[Short text fragments from websites]

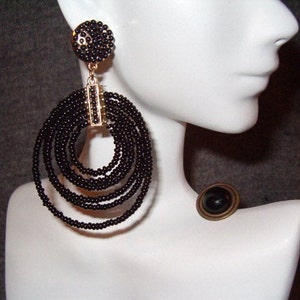 Dangle & Drop Earrings, Beaded Earrings, One a Drop, Other a Stud Black Bead, Dangle Black Beaded Wire Dangle Hoops, Stunning Combo, Gothic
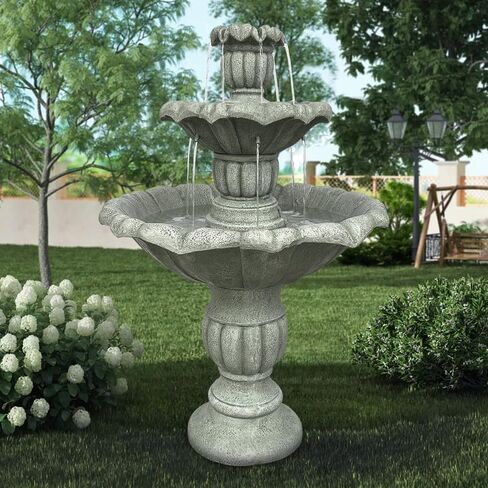watnature 48"Tall Zen Modern Outdoor Fountain with Pump for Garden, Patio, Backyard,Deck,Lawn, Porch, 3-Tiered Pagoda Garden Fountain Outdoor for Birds Bath（Pump Cord Long 9.83ft） in Saudi Arabia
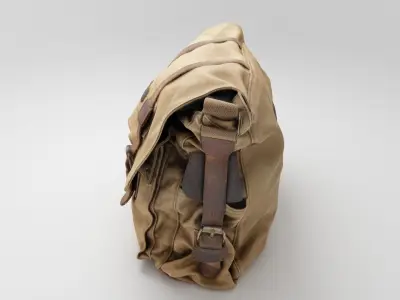 urban military style canvas leather shoulder bag 3D model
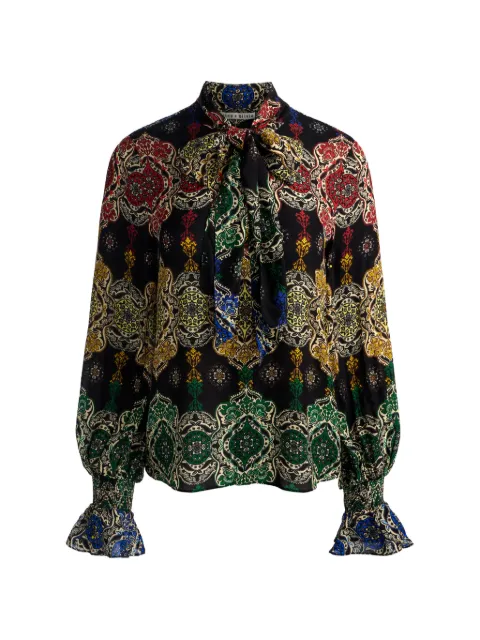 alice + olivia Lloyd paisley-print tie-neck blouse Black CC608P15005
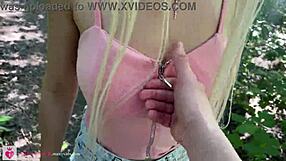 amateur teen bares glasses natural tits ass for outdoor forest public sex
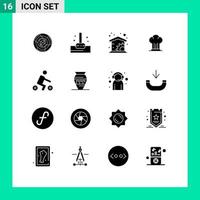 Universal Icon Symbols Group of 16 Modern Solid Glyphs of restaurant cooker bath chef management Editable Vector Design Elements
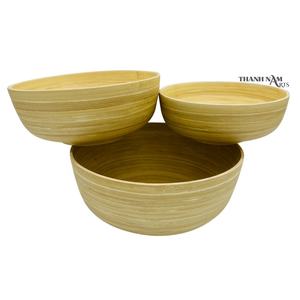 Durable round <b>Bamboo</b> Serving <b>Bowls</b> with Utensils Disposable Kitchenware in Excellent Condition - Product Image 2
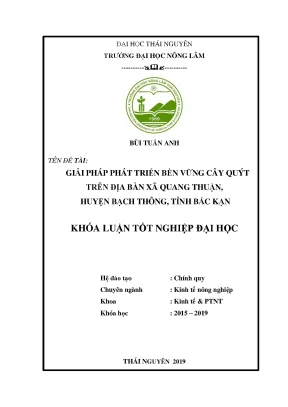 Giải pháp phát triển bền vững cây quýt Bắc Kạn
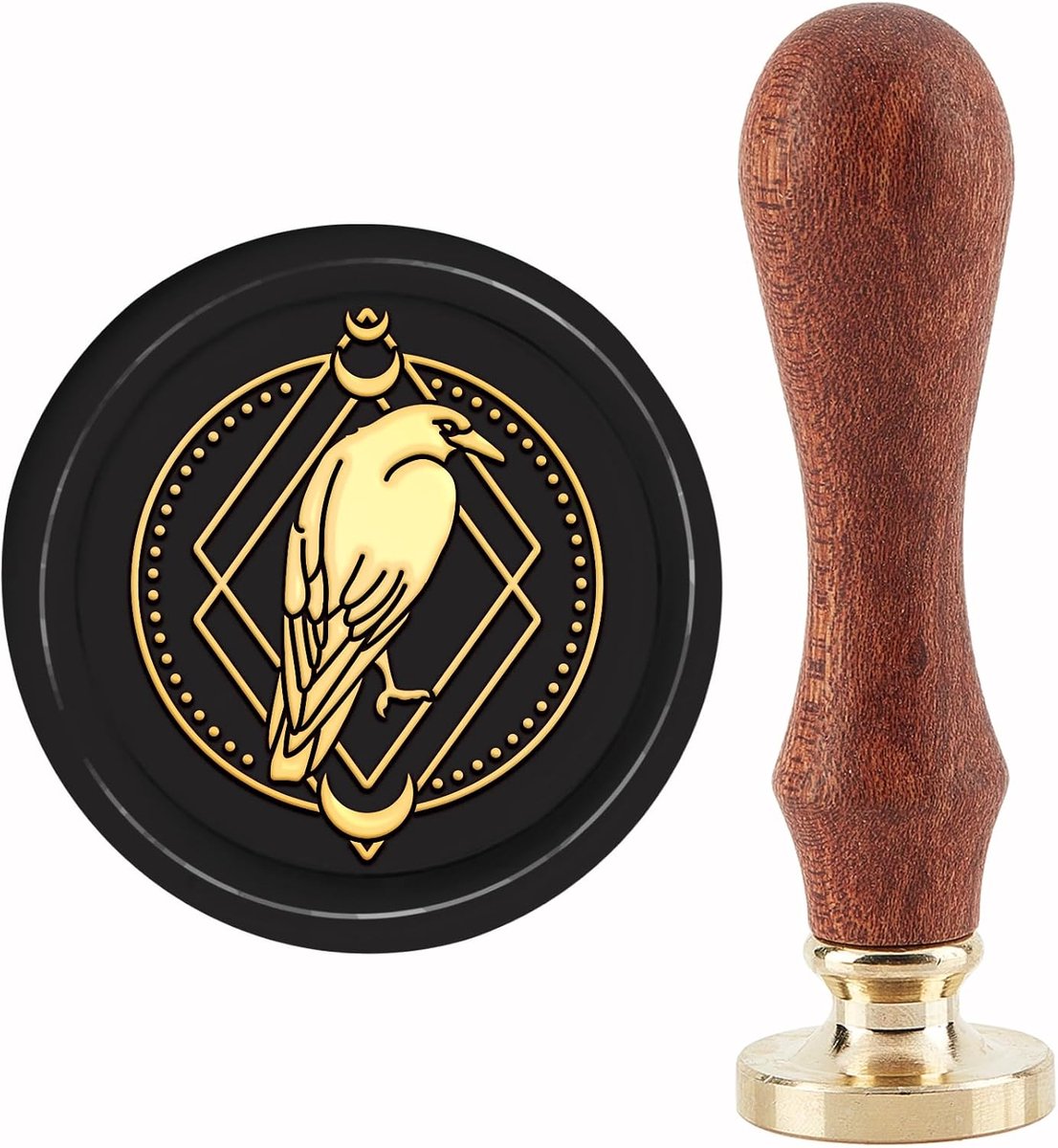 Crow Wax Seal Stempel 30mm Verwijderbare Messing Hoofd Dier Zegellak Stempel Kristal Grid Maan Afdichting Stempel met Houten Handvat voor Enveloppen Uitnodigingen Kaarten Thanksgiving Gift Verpakking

** What needs to be done **
Each line from the one holding "amateur teen bares" through the last line of the records above must be duplicated exactly, and pictures must not be.

** Output of the task **
 amateur teen bares glasses natural tits ass for outdoor forest public sex
 Universal Icon Symbols Group of 16 Modern Solid Glyphs of restaurant cooker bath chef management Editable Vector Design Elements
 Durable round <b>Bamboo</b> Serving <b>Bowls</b> with Utensils Disposable Kitchenware in Excellent Condition - Product Image 2
 Giải pháp phát triển bền vững cây quýt Bắc Kạn
 Crow Wax Seal Stempel 30mm Verwijderbare Messing Hoofd Dier Zegellak Stempel Kristal Grid Maan Afdichting Stempel met Houten Handvat voor Enveloppen Uitnodigingen Kaarten Thanksgiving Gift Verpakking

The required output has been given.